Input material:
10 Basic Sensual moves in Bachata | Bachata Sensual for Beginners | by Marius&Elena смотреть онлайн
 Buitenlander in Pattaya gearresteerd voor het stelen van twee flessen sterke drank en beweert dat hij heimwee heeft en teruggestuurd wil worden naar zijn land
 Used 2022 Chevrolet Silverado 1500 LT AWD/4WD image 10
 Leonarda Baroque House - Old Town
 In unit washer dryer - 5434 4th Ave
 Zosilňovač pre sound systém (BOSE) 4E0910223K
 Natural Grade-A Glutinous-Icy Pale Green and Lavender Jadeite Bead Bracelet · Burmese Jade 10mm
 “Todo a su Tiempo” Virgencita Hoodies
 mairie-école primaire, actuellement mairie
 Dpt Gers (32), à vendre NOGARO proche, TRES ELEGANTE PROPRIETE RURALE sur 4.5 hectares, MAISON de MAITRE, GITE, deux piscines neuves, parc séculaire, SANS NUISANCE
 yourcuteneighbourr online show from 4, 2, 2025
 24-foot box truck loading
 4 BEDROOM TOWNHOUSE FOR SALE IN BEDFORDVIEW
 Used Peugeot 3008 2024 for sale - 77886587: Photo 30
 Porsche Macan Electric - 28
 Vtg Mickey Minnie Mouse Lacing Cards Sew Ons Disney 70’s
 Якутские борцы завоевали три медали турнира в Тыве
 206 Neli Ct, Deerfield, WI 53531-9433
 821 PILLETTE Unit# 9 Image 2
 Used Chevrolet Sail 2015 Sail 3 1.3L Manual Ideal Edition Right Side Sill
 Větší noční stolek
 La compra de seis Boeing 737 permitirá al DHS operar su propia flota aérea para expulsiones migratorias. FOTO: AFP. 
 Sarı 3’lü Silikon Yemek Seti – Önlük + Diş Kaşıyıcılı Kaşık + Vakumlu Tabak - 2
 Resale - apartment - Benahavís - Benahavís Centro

Activity:
Each record above should be returned exactly as written.

Task answer:
10 Basic Sensual moves in Bachata | Bachata Sensual for Beginners | by Marius&Elena смотреть онлайн
 Buitenlander in Pattaya gearresteerd voor het stelen van twee flessen sterke drank en beweert dat hij heimwee heeft en teruggestuurd wil worden naar zijn land
 Used 2022 Chevrolet Silverado 1500 LT AWD/4WD image 10
 Leonarda Baroque House - Old Town
 In unit washer dryer - 5434 4th Ave
 Zosilňovač pre sound systém (BOSE) 4E0910223K
 Natural Grade-A Glutinous-Icy Pale Green and Lavender Jadeite Bead Bracelet · Burmese Jade 10mm
 “Todo a su Tiempo” Virgencita Hoodies
 mairie-école primaire, actuellement mairie
 Dpt Gers (32), à vendre NOGARO proche, TRES ELEGANTE PROPRIETE RURALE sur 4.5 hectares, MAISON de MAITRE, GITE, deux piscines neuves, parc séculaire, SANS NUISANCE
 yourcuteneighbourr online show from 4, 2, 2025
 24-foot box truck loading
 4 BEDROOM TOWNHOUSE FOR SALE IN BEDFORDVIEW
 Used Peugeot 3008 2024 for sale - 77886587: Photo 30
 Porsche Macan Electric - 28
 Vtg Mickey Minnie Mouse Lacing Cards Sew Ons Disney 70’s
 Якутские борцы завоевали три медали турнира в Тыве
 206 Neli Ct, Deerfield, WI 53531-9433
 821 PILLETTE Unit# 9 Image 2
 Used Chevrolet Sail 2015 Sail 3 1.3L Manual Ideal Edition Right Side Sill
 Větší noční stolek
 La compra de seis Boeing 737 permitirá al DHS operar su propia flota aérea para expulsiones migratorias. FOTO: AFP. 
 Sarı 3’lü Silikon Yemek Seti – Önlük + Diş Kaşıyıcılı Kaşık + Vakumlu Tabak - 2
 Resale - apartment - Benahavís - Benahavís Centro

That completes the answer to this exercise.